Reading Time: 8 minutes

TL;DR

(TL;DR) If you Google this sort of topic looking for the minimum commands needed to get it working, you simply need to generate a good key and copy it to the server. Below are those commands. (Code blocks with strikethough formatting are for illustrative purposes and should not be run.) Do consider reading the whole article, though, to better understand how to secure your connection.
To SSH without a password using SSH keys:
Generate a key pair:

$ ssh-keygen

You know, as long as we’re generating a key pair, let’s give it a more robust key than the default by specifying a byte length of 4096:

$ ssh-keygen -t rsa -b 4096

Copy it to the server:

$ ssh-copy-id you@remote.server

Introduction

In this post, I will walk you through the setup of SSH keys and their basic usage.
(For a simple overview of the technologies involved, visit the Public Key Cryptography page on Simple Wikipedia.)
The goal is to enable you to log in to a remote server without having to type your password each time, while increasing security and improving your ability to automate what you do.

Why not just stick with passwords?

People, when given the opportunity, pick terrible passwords, then reuse them irresponsibly. Even if you pick a decent (8-character NTLM,) password, as of 2012, it was possible to brute-force crack it in ~6 hours, using a fairly affordable computer.
You simply cannot brute-force an SSH key. The NSA might be able to, but any hacker looking to get in to a system is going to look for a different way to get in.
For this, you’ll need a computer running Linux, Windows, or OS X, as well as a server running an SSH server on which you have a login and password.
For simplicity’s sake, we will be doing everything from the command line, so if you’re on Windows, you’ll want to first install Git Bash. If you’re on a Mac, open up Terminal from your Utilities folder. (Yes, many people using Window prefer Putty, but configuring that is outside the scope of this document.)

Generating your key pair

When you have your terminal open, we’re going to generate what is known as an RSA key pair.

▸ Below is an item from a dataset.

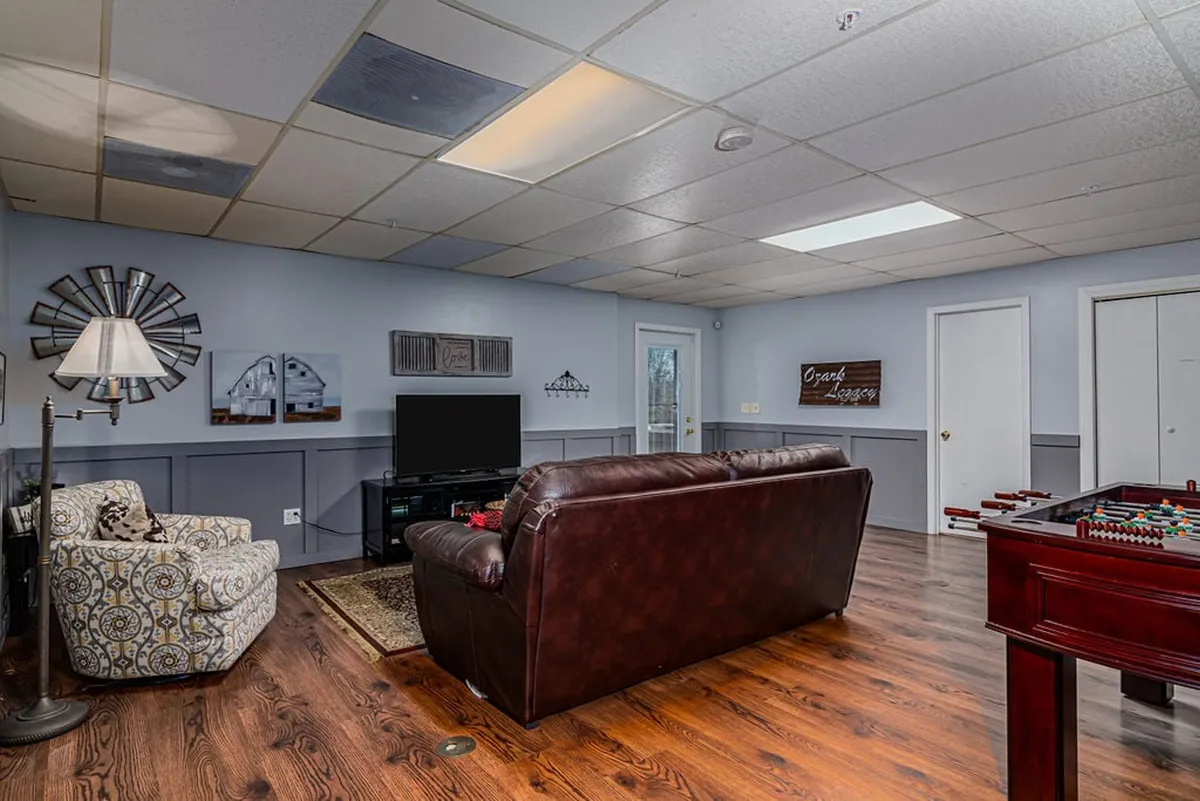 A secondary living area featuring a leather sofa, media center with TV, foosball table, decorative armchair, and wall art. The layout encourages family gatherings, movie nights, and playful competitions in a relaxed environment.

$ ssh-keygen -t rsa -b 4096

This command will ask you a few questions. For now, we’re going to simply hit `enter` and go with the defaults, as well as an empty passphrase. (More on that later.)

Generating public/private rsa key pair.

Enter file in which to save the key (/c/Users/User/.ssh/id_rsa):

Enter passphrase (empty for no passphrase):

Enter same passphrase again:

Your identification has been saved in /c/Users/User/.ssh/id_rsa.

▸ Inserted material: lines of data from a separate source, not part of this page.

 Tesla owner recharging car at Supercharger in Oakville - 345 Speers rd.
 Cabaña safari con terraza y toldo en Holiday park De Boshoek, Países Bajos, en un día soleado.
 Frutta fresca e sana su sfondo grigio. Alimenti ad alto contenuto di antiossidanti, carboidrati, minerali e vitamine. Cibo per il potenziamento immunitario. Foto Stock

Your public key has been saved in /c/Users/User/.ssh/id_rsa.pub.

The key fingerprint is:

SHA256:RxUO7mLtlE3LSa1HrOJAkOJYg+JTzIHpZDvWIdR6Ws8 User@x230Len171025

The key’s randomart image is:

+- -[RSA 2048]- – +

|..*o. ..  . o.   |

|.*.*+ .. . + o   |

|=.*+.o  . o + +  |

| O.+.  . + * *   |

|. * o   S B B .  |

| .   E . B . .   |

|          o      |

+- – -[SHA256] – -+

If everything worked and it generated that weird bit of ASCII art, we’re ready to move on to the next step:

Uploading Your Key

To be of any real use, you need to put your key somewhere. We’re going to upload it to the server. Let’s suppose that you are logging in to the host test.mmdc.net and your user name is jim.
We’ll first log in using a password:

User@x230Len171025 MINGW64 ~
$ssh jim@test.mmdc.net

If this is your first time logging in, you’ll be asked to confirm the server’s identity:

  $ ssh jim@test.mmdc.net

  The authenticity of host 'test.mmdc.net' can't be established.

  ECDSA key fingerprint is SHA256:u6fDHy25AXJD3MWXLkjhgkjhgLOjoBdZQOoQCZXBI.

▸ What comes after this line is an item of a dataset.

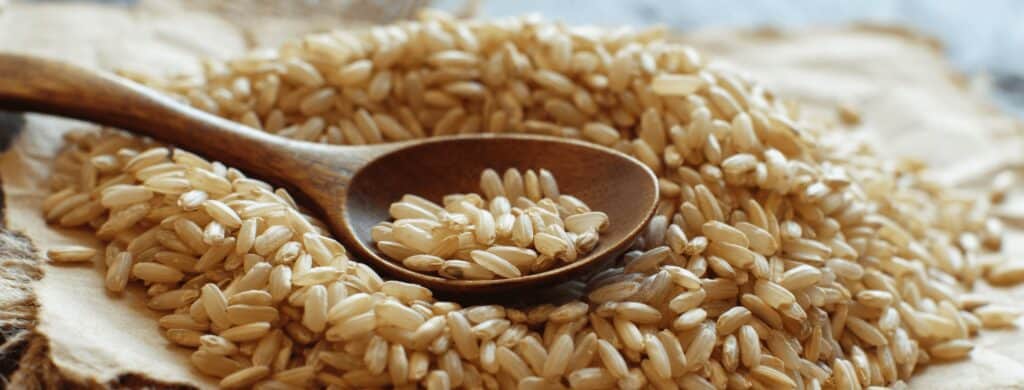A wooden spoon rests on a pile of uncooked brown rice grains scattered on a piece of parchment paper.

  Are you sure you want to continue connecting (yes/no)?

Type “yes”. (More on this later.)

  Warning: Permanently added 'test.mmdc.net' (ECDSA) to the list of known hosts.

  jim@test.mmdc.net's password:

Type your password and hopefully you are now greeted with your remote prompt:

jim@test.mmdc.net:~$

Very good! Now log out, using Ctrl-d.
Back at your local terminal, we’re going to copy your key to test.mmdc.net:

$ ssh-copy-id jim@test.mmdc.net

This will (hopefully) give you output similar to the following:

/usr/bin/ssh-copy-id: INFO: Source of key(s) to be installed: "/c/Users/User/.ssh/id_rsa.pub"

The authenticity of host 'test.mmdc.net (23.189.0.8)' can't be established.

ECDSA key fingerprint is SHA256:u6fDHy25AXJD3MWXLi9Up2rmDp2LOjoBdZQOoQCZXBI.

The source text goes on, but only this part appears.